Home > Human Rights and Budget 2010, Human Rights and the Economy, Our Blog Events > Duffy on Budget 2010: Targeting the Lost Generation

Duffy on Budget 2010: Targeting the Lost Generation

This is our third guest post from Deirdre Duffy. You can read about Deirdre on our Guest Contributors page.

At present, young people, particularly young men under 24 are the biggest losers in the economic downturn. The generation who entered the workforce in a period of unprecedented growth now make up the largest proportion of Ireland’s unemployed. Like their predecessors in the 1970s and 1980s, they will not only suffer the brunt of the economic downturn but it is likely that the career pathways and prospects of many members of this group will never recover. Already Ireland is experiencing a new wave of economically-driven emigration, many of whom will never return. At the sake of being accused of alarmism, Ireland is steadily allowing a generation of young people to be pushed to the sidelines and facing a return to the culture of exit, of emigration, endemic to Irish society until the 1990s.
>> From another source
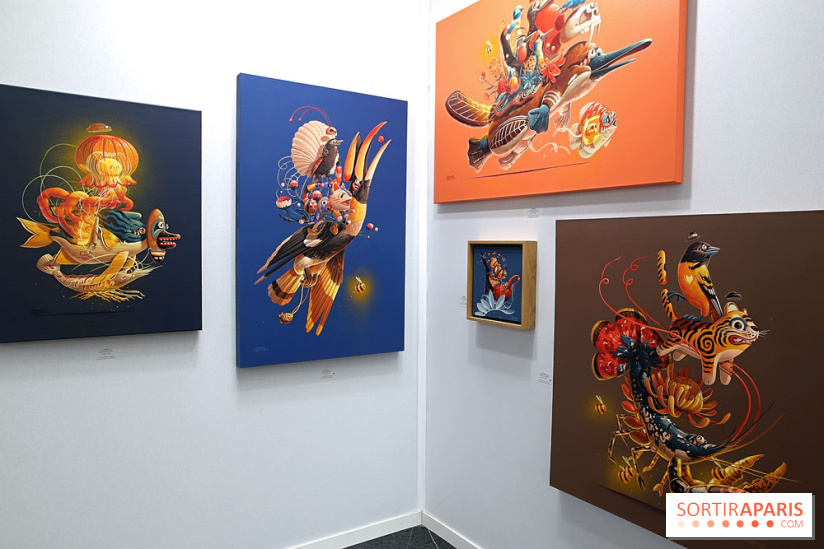 Urban Art Fair 2025 à Paris, nos photos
However, despite the growing recognition of the existence of a ‘lost generation’ in Irish society, as yesterday’s budget demonstrates, little has changed in Ireland’s attitude to services to young people and little credence is being paid to the damage the current economic crisis is causing to the health, welfare and future prospects of this group. Notwithstanding calls from organisations such as the National Youth Council of Ireland to protect the welfare support structures for young people – and Minister Lenihan’s rhetoric on the need for a financial plan which would provide a sustainable future for Irish citizens – young people have, once again, become the easy targets of the Irish welfare system. Facing cuts of up to 40% of Jobseekers Allowance payments for first-time claimants without dependents aged 20 and 21 and 25% for those between 22 and 24, young people are witnessing the willingness of the government to support them steadily slip away.
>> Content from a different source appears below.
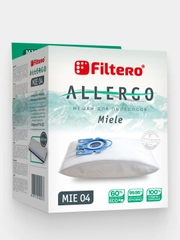 Мешки-пылесборники Filtero MIE 04 Allergo для пылесосов MIELE + 2 фильтра в комплекте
On one level, this is partly due to how this age group are perceived. The generation who had never had it so good and never experienced economic hardship are, to some, the villains of the story. During the economic boom, spending by young people increased exponentially and, like the swallow that spent money all summer, they are often considered partly culpable in the economic downturn. Though not entirely to blame, they are not entirely blameless. Added to this, the effects of unemployment are seen by many to matter less to young people without dependents who do not have the same commitments of their elders. Young people thus find themselves portrayed as feckless, immune to the negative effects associated with unemployment and easy targets for public sector spending cuts.
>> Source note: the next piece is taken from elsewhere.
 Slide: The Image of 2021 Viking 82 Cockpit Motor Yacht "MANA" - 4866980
What is most troubling about this trend is that it allows for an over-simplification of an issue of great importance to Minister Lenihan’s pledge to provide the country with a sustainable secure economy. Far from being a short-term problem with a simple solution, youth unemployment can have severe prolonged social and economic impacts. One only needs to look at the North of England – and ex-mining towns in particular – to see how lack of foresight within welfare support for young people can contribute to the development of ‘poverty pockets’ characterised by low educational attainment, cycles of low pay/no pay employment, low political participation, and sustained migration out of the area. Evidence from previous recessions in the UK  indicate that young people – particularly those with low qualifications – who become unemployed before the age of 23 are significantly more likely to remain unemployed for 6 months or more and are significantly less likely to enter high-skilled/high-paid employment in the future. These experiences of sustained, long-term unemployment can also have serious ramifications for mental health and emotional well-being – two areas which were noticeable absent from Minister Lenihan’s welfare support plan.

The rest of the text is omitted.